Hosting polling places seen as a security risk because of public access
Port Washington voters will cast their ballots at regular polling places in schools as they have for decades during next week’s Feb. 19 primary and the April general election, but then voting in school buildings will end because of security concerns following the Newtown, Conn., school shootings.
Port Washington-Saukville School District officials who have long embraced voting in schools as the ultimate civics lesson for students and an opportunity for the public to visit schools have now decided that allowing essentially unchecked access to two of its buildings on election days is just too risky.
With plans in place to accommodate voting at Thomas Jefferson Middle School and Dunwiddie Elementary School in the immediate future and with no fall election, the City of Port Washington has until next year to find new polling places, but school officials have requested a police presence at school polling places next week.
The April 2 general election doesn’t pose a problem because students will be on spring break.
Changing local attitudes about access to school buildings are a reflection of a growing national concern for student safety that began with the Columbine High School shootings on April 20, 1999, and entrenched by the Dec. 14, 2012, massacre at Sandy Hook School in Newtown, Conn.
“Having polling places in schools is a great learning experience for students,” Supt. Michael Weber said last month. “Students are able to witness people exercising their right to vote and taking part in a national event. That said, we believe we can’t allow voting in schools to continue as it does now.”
A School Board committee recommended that voting in schools be discontinued for security reasons.
“We live in changing times,” Weber said this week. “We have to adapt in a thoughtful and logical way.”
The problem for school officials is that significant security measures undertaken four years ago, which are being tightened now, must be waived for elections. Providing unfettered access to the polls conflicts with the school district’s efforts to control access to schools, officials said.
In 2007-08, the district installed an automatic locking system at Port Washington High School and the middle school, and protocols were established at elementary schools to ensure that all doors to buildings except the main entrances are secured while students are in class.

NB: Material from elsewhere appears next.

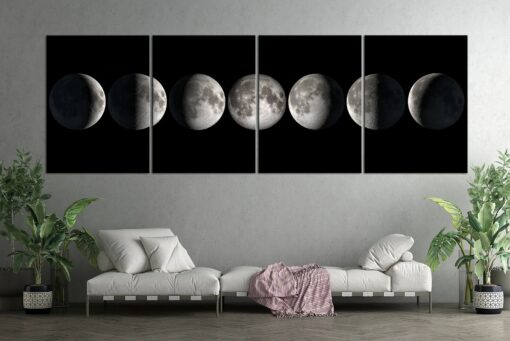 Celestial Tapestry Moon Phase Canvas Art for Lunar-Inspired Home Decor - Image 2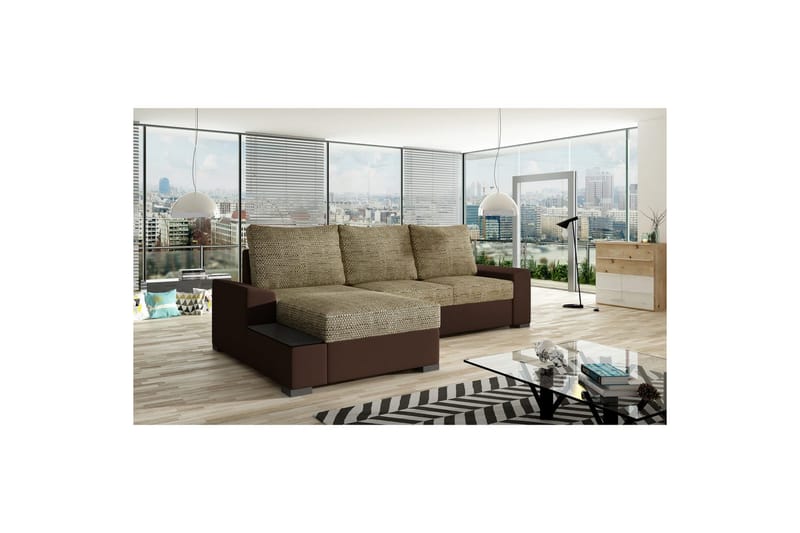 Sofa med chaiselong Eltap Negro 245x165x90 cm - Berlin 03, Blød 66, Beige, Mørkebrun, Venstre - Møbler - Sofaer - Sovesofaer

By the end of this month, security will become even tighter with the installation of so-called buzzer systems at the three elementary schools. Main entrances will be locked, and visitors will have to request access using a buzzer and intercom system. A video camera will allow school staff members to see who is requesting access. Over the summer, the district plans to reconstruct elementary school entrances to create secure vestibules where visitors will wait in a protected area before being allowed into buildings.
The same security concerns don’t exist at the high school and middle school because, unlike at the district’s other buildings, visitors enter through the main office and cannot go elsewhere in the building until being checked in.
For city officials, replacing two of its three polling places will be a challenge. Schools are ideal since they are large enough to accommodate voters and accessible to people with handicaps.
City Administrator Mark Grams said City Hall, the only polling place that is not in a school, is not nearly large enough to accommodate all voters in the city, so two new locations will need to be found. Those polling places must be reviewed by the state, he said.
“The good news is that we have plenty of time,” Grams said.